— TASK DESCRIPTION —
Wherever the string "Wood" appears in the records, return the line that holds it.

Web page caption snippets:
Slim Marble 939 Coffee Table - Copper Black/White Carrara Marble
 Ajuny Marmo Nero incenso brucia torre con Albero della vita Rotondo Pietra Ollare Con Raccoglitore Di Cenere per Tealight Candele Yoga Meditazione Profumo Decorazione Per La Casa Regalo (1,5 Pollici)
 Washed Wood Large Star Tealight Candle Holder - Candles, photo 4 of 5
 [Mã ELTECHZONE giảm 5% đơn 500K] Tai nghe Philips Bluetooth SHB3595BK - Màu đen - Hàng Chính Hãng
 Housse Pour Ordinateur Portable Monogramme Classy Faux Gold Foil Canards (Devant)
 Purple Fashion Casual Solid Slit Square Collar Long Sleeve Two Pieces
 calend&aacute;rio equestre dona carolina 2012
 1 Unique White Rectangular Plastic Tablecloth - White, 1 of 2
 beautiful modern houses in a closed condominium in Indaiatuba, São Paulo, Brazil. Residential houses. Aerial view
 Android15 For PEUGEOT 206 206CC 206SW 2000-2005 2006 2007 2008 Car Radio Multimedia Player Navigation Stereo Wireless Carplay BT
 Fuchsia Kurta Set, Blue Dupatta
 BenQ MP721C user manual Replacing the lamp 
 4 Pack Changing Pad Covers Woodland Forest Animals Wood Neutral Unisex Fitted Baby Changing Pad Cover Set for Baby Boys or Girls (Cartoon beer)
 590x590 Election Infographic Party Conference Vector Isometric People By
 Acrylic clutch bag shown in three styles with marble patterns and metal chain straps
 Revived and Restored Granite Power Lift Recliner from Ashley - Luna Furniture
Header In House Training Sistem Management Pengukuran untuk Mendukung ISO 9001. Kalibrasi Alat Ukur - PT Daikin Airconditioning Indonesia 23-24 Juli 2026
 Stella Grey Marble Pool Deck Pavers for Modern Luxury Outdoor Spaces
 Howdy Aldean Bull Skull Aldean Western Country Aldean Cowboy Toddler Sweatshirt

— ANSWER —
 Washed Wood Large Star Tealight Candle Holder - Candles, photo 4 of 5
 4 Pack Changing Pad Covers Woodland Forest Animals Wood Neutral Unisex Fitted Baby Changing Pad Cover Set for Baby Boys or Girls (Cartoon beer)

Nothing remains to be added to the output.